§ **Goal of the exercise**
Below are some records. Set down exactly the line holding "J. Crew A-Line" and every later line through the end, omitting the pictures.

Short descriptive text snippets
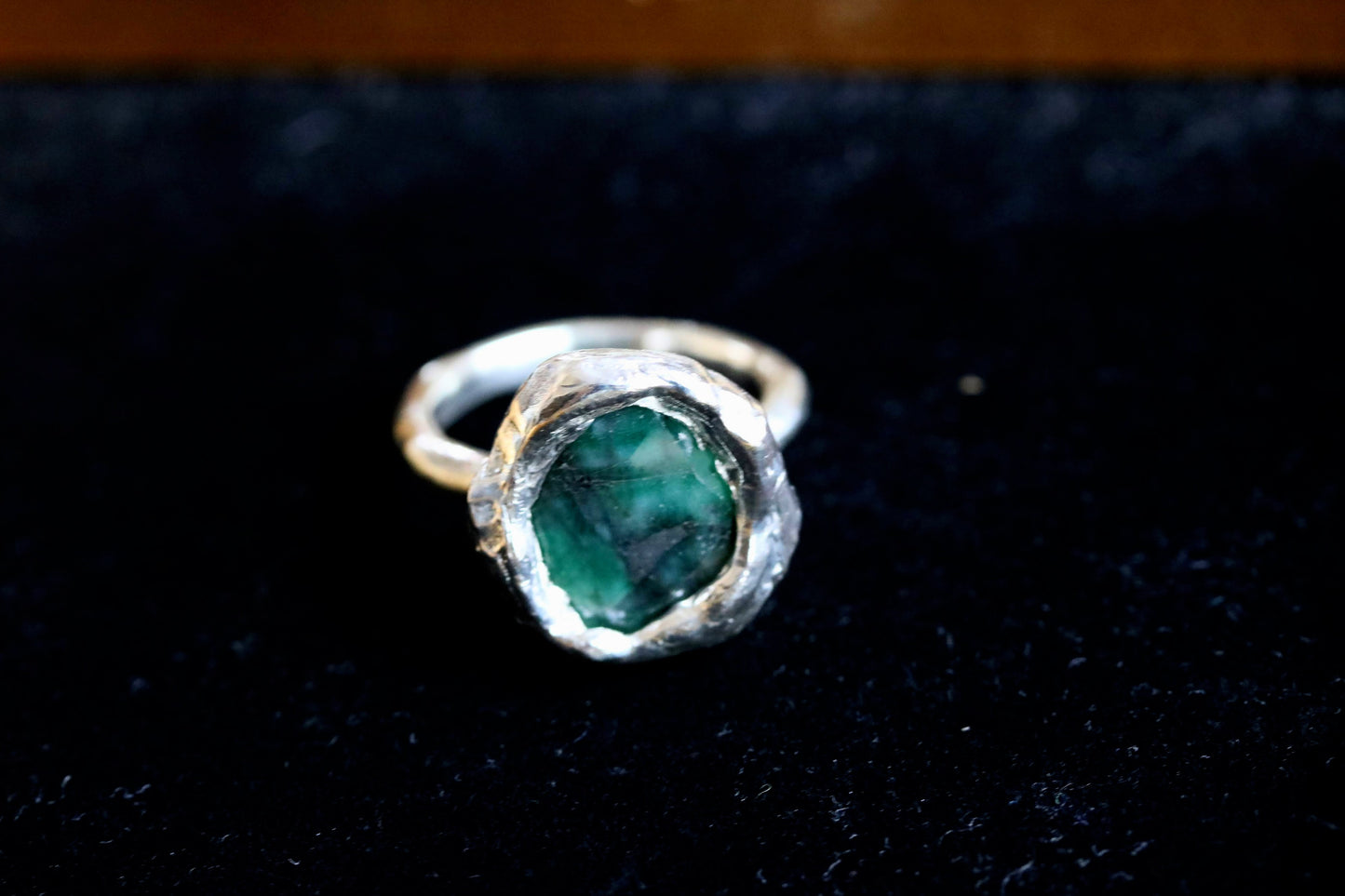 large emerald ring in 7.5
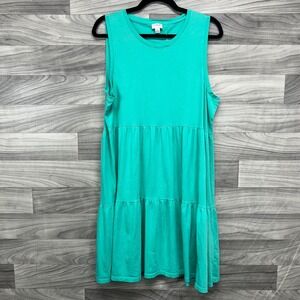 J. Crew A-Line Tiered Dress Womens Large Green 100% Cotton Round Neck Sleeveless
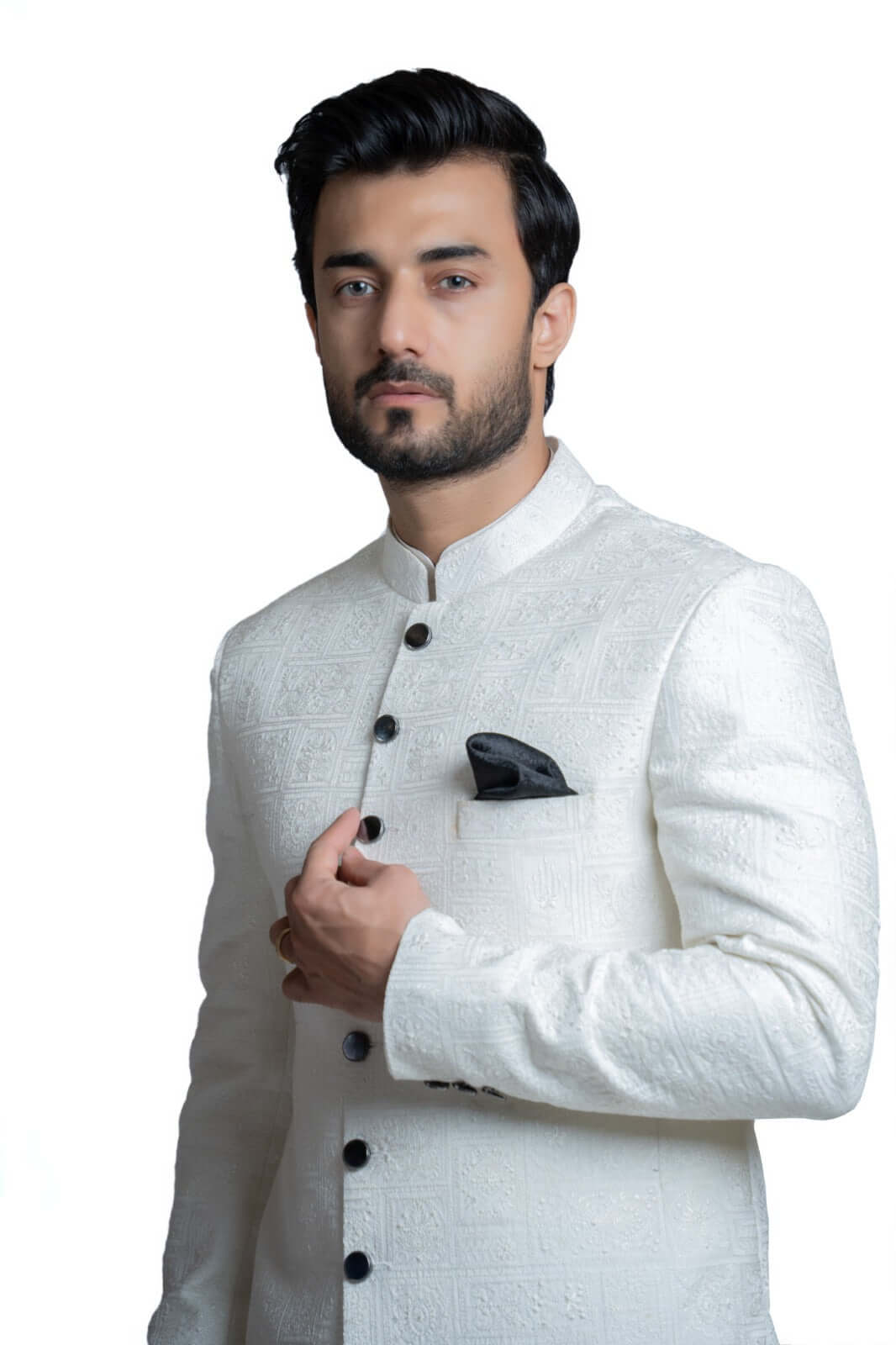 White Embroidered Suiting Fabric Achkan Sherwani (3-Piece) - Image 3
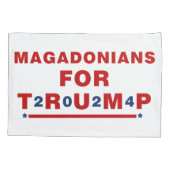 Magadonians voor Trump 2024 Red Blue Star Kussensloop (Achterkant)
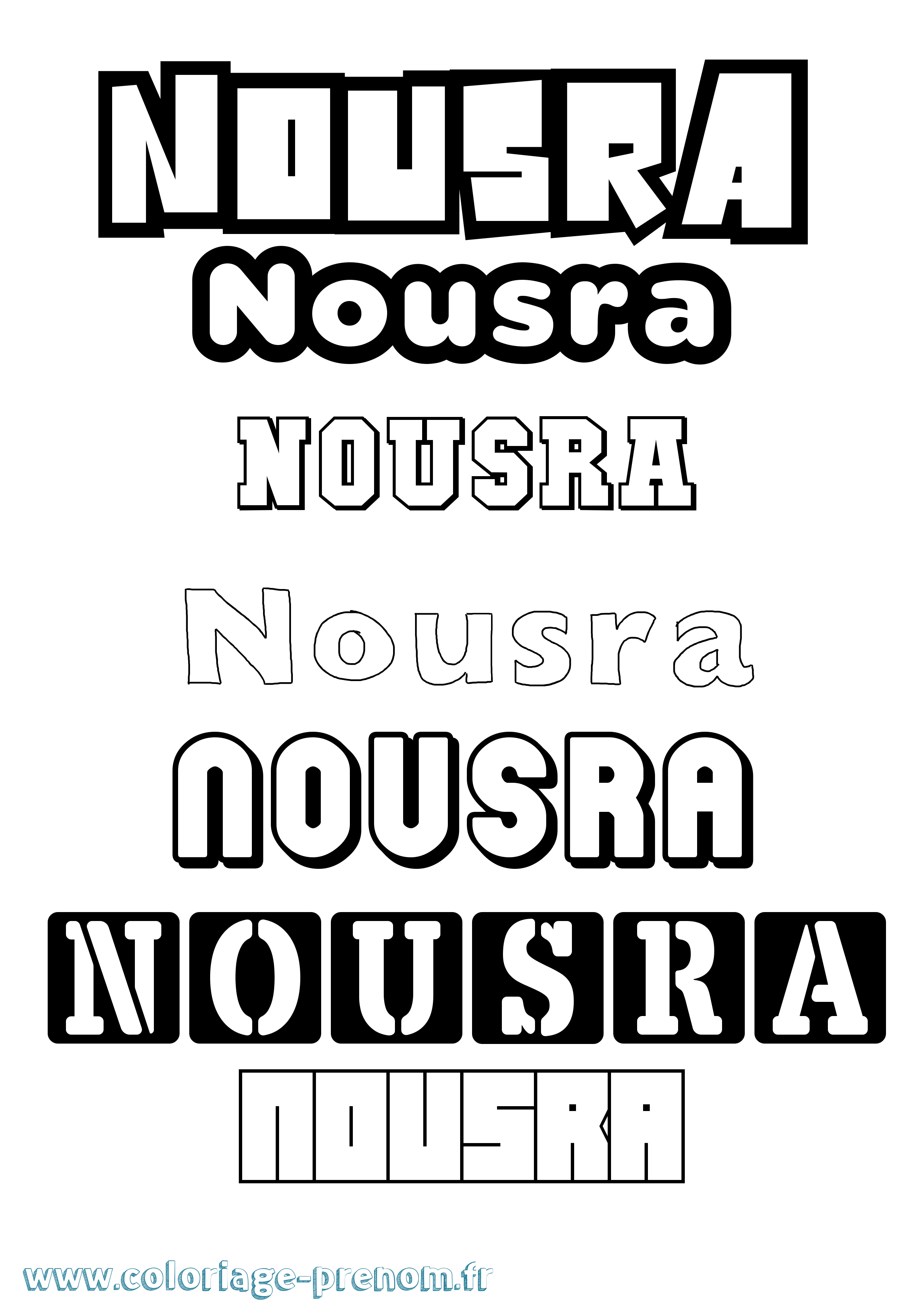 Coloriage Nousra Simple Coloriage prénom Nousra Simple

§ **Completed task**
 J. Crew A-Line Tiered Dress Womens Large Green 100% Cotton Round Neck Sleeveless
 White Embroidered Suiting Fabric Achkan Sherwani (3-Piece) - Image 3
 Magadonians voor Trump 2024 Red Blue Star Kussensloop (Achterkant)
 Coloriage Nousra Simple Coloriage prénom Nousra Simple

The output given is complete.